- The task
Below are entries; copy exactly, and only, the lines from the one containing "Travel to space: Samsung" through their final line, leaving out pictures.
Information supplied START
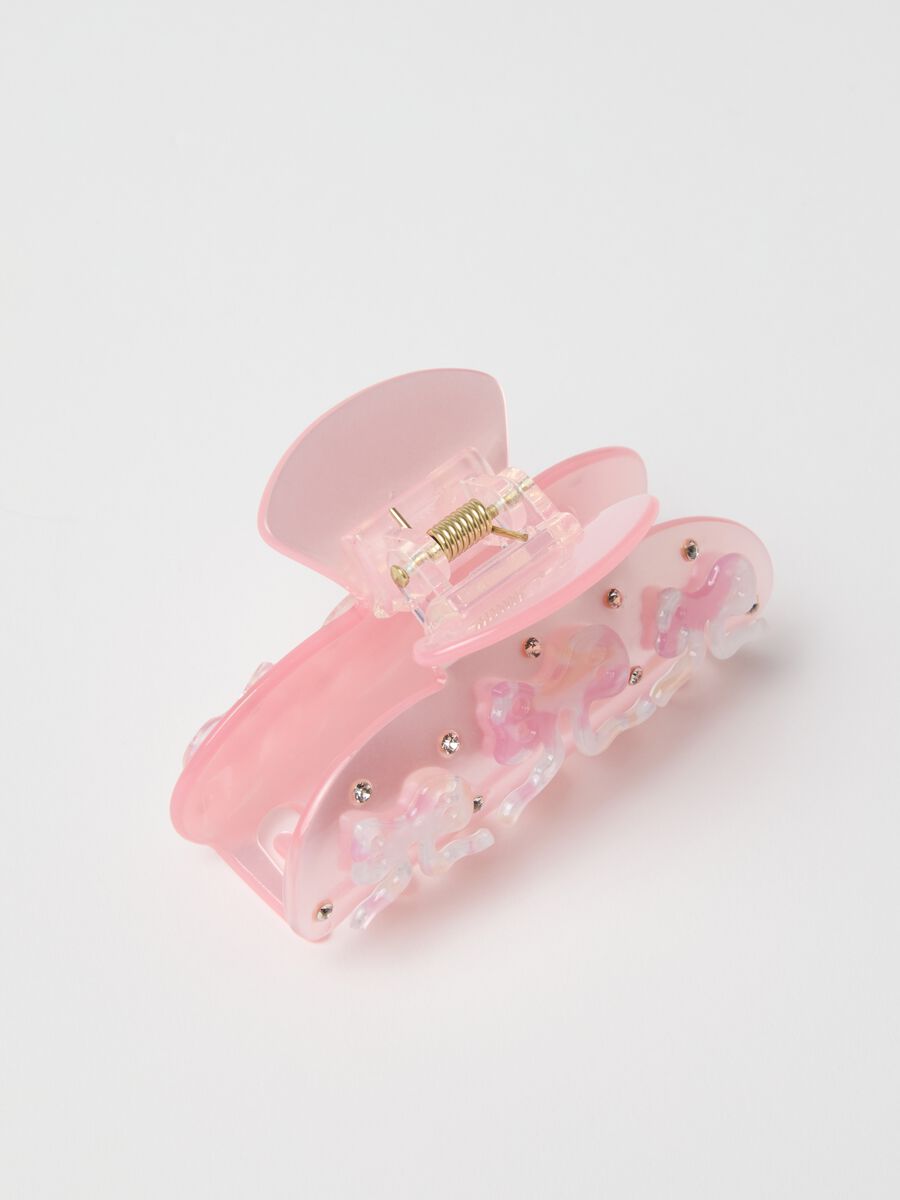 Pink Hair Clip with Bow_2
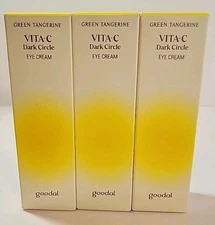 NEW LOT OF 3 [goodal] Green Tangerine Vita C Dark Circle Eye Cream 30mL EX 11/26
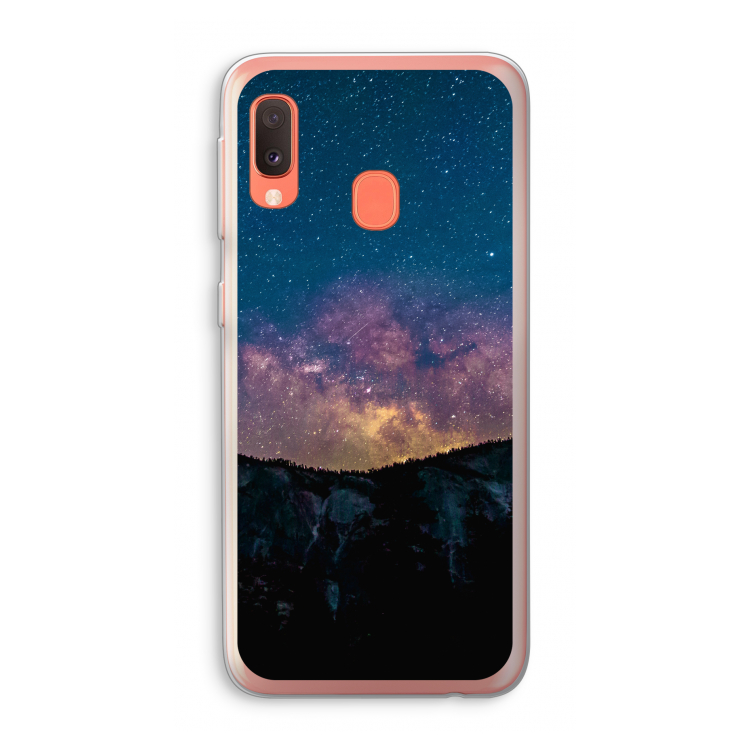 Travel to space: Samsung Galaxy A20e Transparant Hoesje
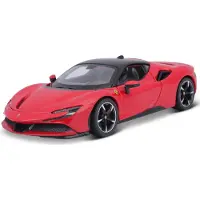 Bburago Ferrari SF90 Stradale, Superbil, Montert på forhånd, 1:24, Ferrari SF90 Stradale, Alle kjønn, Metall, Plast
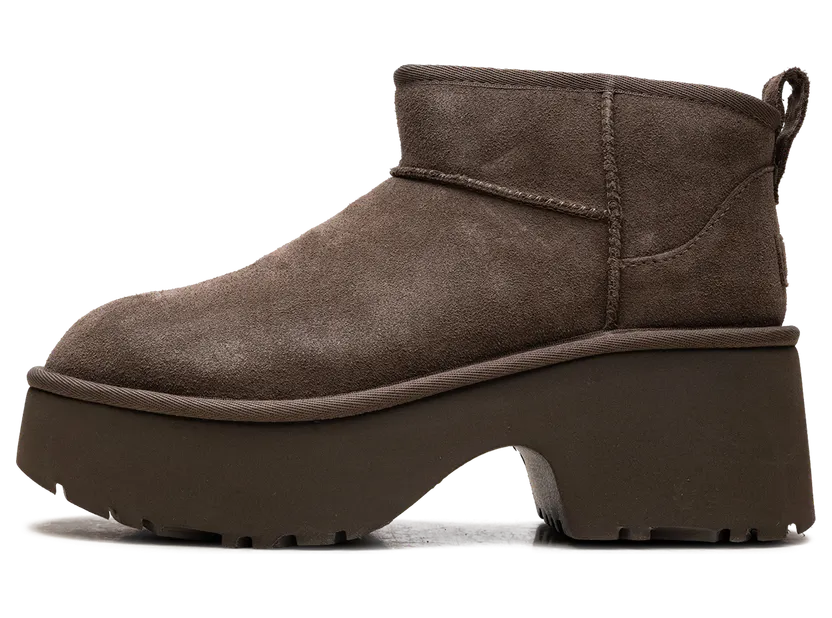 Ugg Classic Ultra Mini New Heights Boot “Hickory” (1158311-HCK)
Information supplied END
- Output of the task
 Travel to space: Samsung Galaxy A20e Transparant Hoesje
 Bburago Ferrari SF90 Stradale, Superbil, Montert på forhånd, 1:24, Ferrari SF90 Stradale, Alle kjønn, Metall, Plast
 Ugg Classic Ultra Mini New Heights Boot “Hickory” (1158311-HCK)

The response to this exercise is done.